Implementation of such clauses is an exercise by a regulatory commission of its rate making, as opposed to rule making, power. In re Petition of Allied Power & Light Co., 132 Vt. 354, 321 A.2d 7 (1974). Such clauses are generally adopted in a rate proceeding as an integral part of a utility’s overall rate structure. Scates v. Arizona Corp. Comm’n, 118 Ariz. 531, 578 P.2d 612, 616 (1978); Public Service Co. of. New Hampshire, 600 F.2d at 947 (describing such clauses as part of a “utility’s filed rate”). While in a few jurisdictions regulatory commissions are statutorily authorized to implement such clauses, in Louisiana, as in most jurisdictions, the commission implements such clauses pursuant to its plenary rate making authority. See City of Chicago v. Illinois Commerce Comm’n, 13 Ill.2d 607, 150 N.E.2d 776, 782 (1958) (commission’s rate making function includes the authority to make pragmatic adjustments); Trigg, Escalator Clauses in Public Utility Rate Schedules, 106 U.Pa.L.Rev. 964, 996 (1958) (“Trigg”)) Note, Due Process and the Automatic Fuel Adjustment Clause, 52 Ind.L.J. 637 n. 3 (1977).

Conversely, the commission’s allowance of monthly cost adjustments pursuant to such clauses does not constitute rate making in the traditional sense of that term because such adjustments go into effect without an antecedent reasonableness review and thus are not “commission-made” rates. It follows then that the commission is not precluded by the rule against retroactive rate making from subsequently examining and modifying such adjustments.

The California Supreme Court in Southern California Edison, supra, aptly articulated the reason why the commission’s allowance of monthly cost adjustments pursuant to such clauses does not constitute rate making:

[I]n authorizing Edison every few months to adjust its rates by operation of the fuel [adjustment] clause, the commission was not engaging in ratemaking. Because the increased charges thus imposed were not products of ratemaking, they were not rendered inviolable by the rule against retroactive ratemaking. To put it another way, the commission’s decision to further adjust those rates so as to compensate for substantial past over-collections may well be retroactive in effect, but it is not retroactive ratemaking.
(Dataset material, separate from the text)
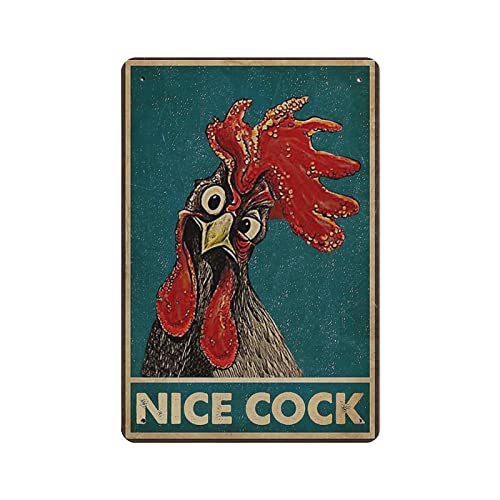 Chicken Coop Nice Cock Metallschilder für Garage Man Cave Bar Kitchen Coffee Blechschild nostalgische Wanddekoration Schilder Vintage Retro Poster von AOOEDM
576 P.2d at 954-55. In so doing, the California court also rejected the utility’s characterization of such clauses, as “miniature rate proceedings,” pointing out that “the rates fixed by operation of the fuel cost adjustment clause were not 'general rates’ but ‘extraordinary rates not created by or in a general rate proceeding.’ ” Id. at 955 n. 21; see also MGTC, Inc. v. Public Service Comm’n of Wyoming, 735 P.2d 103, 107 (Wyo.1987) (rule against retroactive rate making is limited to “general” rate making proceedings and does not apply to rate adjustments made pursuant to automatic fuel adjustment mechanisms).

The policy reason for not applying the rule against retroactive rate making in this context is that by allowing a utility to collect its fuel costs close to the time they are incurred and thereby ameliorate regulatory lag—a procedure implemented for the utility’s benefit—the commission should not be held to have divested itself of jurisdiction to review such costs at a later time. MGTC, 735 P.2d at 107. As the MGTC court observed, “ ‘[t]he specter of retroactive ratemaking must not be viewed as a talismanic inhibition against the application of principles based upon equity and common sense.’ ” 735 P.2d at 107 (quoting Roberts v. Narragansett Electric Co., 470 A.2d 215, 217 (R.I.1984)). Hence, “the requirement of fairness which compels adjustment in rates to compensate utilities for escalating fuel costs also compels retrospective reconciliation to exclude charges identifiably resulting from unreasonable computations or inclusions.” Ohio Power Co. v. Public Utilities Comm’n, 54 Ohio St.2d 342, 376 N.E.2d 1337, 1338-39 (1978); See also Richter v. Florida Power Cory., 366 So.2d 798, 801 (Pla.App. 2 Dist.1979).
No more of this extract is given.